Why did you decide to pursue a graduate degree?
I did a few research-based co-ops and volunteering positions in my undergraduate degree, and really enjoyed them. From that experience, I decided that I wanted to continue in research. A key takeaway from my experiences was that the people in research with the more stable, longer-term jobs had graduate degrees. This led me to continue my education, so that I could find more stable, permanent positions.
Why did you decide to study at UBC?
I liked that UBC is a large, world-class university where there are lots of opportunities and experiences. As well, looking through their biomedical engineering program, I found that it suited a lot of my interests. I had also lived in Vancouver before for my co-ops, and found the city a place that I wanted to live in longer-term.

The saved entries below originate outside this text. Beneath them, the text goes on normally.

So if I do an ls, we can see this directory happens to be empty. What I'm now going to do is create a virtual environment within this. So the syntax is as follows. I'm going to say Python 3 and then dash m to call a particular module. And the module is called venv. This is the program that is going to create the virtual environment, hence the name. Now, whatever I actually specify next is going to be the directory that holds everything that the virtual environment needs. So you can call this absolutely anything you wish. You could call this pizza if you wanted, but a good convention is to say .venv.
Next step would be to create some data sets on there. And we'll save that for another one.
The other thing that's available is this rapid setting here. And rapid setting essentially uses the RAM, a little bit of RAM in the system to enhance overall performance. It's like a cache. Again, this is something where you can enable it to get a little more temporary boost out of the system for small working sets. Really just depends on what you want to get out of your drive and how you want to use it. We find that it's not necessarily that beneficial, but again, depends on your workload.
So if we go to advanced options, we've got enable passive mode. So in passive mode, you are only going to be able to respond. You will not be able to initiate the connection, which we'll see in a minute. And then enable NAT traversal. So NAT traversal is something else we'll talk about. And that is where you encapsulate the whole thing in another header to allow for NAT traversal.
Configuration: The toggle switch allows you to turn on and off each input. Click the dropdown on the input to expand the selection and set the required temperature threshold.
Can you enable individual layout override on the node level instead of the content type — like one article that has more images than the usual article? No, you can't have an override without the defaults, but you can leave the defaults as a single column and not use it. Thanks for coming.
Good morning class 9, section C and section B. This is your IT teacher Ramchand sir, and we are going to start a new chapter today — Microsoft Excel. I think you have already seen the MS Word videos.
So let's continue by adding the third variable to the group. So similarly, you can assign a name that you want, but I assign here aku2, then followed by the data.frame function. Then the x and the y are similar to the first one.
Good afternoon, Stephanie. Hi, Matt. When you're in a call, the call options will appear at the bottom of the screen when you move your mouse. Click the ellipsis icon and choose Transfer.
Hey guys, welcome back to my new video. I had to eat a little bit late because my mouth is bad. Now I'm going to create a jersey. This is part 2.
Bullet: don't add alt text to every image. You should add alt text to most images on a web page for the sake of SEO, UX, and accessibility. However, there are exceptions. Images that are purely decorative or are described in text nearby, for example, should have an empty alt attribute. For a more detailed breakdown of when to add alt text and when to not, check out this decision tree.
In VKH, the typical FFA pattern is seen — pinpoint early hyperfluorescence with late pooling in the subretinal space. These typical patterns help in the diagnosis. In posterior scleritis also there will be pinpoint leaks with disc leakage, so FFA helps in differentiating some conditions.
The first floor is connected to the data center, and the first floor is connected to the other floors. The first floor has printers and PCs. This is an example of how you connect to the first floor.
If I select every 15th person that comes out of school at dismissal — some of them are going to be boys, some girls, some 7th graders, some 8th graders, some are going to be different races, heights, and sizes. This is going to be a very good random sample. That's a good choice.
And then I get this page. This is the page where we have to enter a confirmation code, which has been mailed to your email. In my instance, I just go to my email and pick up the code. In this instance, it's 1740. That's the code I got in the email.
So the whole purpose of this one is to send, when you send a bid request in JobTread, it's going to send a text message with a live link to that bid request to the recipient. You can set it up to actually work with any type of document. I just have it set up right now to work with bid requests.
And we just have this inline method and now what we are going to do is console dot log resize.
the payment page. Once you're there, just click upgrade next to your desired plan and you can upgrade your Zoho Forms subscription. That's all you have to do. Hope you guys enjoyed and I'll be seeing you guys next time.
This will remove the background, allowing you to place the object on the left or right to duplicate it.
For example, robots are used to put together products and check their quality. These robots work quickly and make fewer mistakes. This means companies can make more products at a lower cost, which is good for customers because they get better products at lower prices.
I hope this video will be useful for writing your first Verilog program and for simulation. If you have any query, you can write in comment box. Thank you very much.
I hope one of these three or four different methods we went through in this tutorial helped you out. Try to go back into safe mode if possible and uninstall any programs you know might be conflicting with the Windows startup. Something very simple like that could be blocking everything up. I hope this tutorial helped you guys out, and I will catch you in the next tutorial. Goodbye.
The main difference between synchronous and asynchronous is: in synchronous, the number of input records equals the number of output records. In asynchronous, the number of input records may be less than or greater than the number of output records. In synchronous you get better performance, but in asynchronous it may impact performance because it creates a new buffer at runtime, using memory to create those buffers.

What is it specifically, that your program offers, that attracted you?
I liked the variety of different courses I could take, and I was also very interested in my supervisor's research; I had done quite a bit wet lab work through my co-ops and wanted to focus more on device development and signal processing.
What was the best surprise about UBC or life in Vancouver?
At UBC, the best surprise was how beautiful the campus was, and that there are so many things to do and plenty of food options on campus.
What aspects of your life or career before now have best prepared you for your UBC graduate program?
Definitely my co-ops and research volunteer positions have best prepared me for graduate school.
What advice do you have for new graduate students?
Graduate school is very fast-paced and it can be stressful and demanding, and I think it is important to take some time to relax and recharge.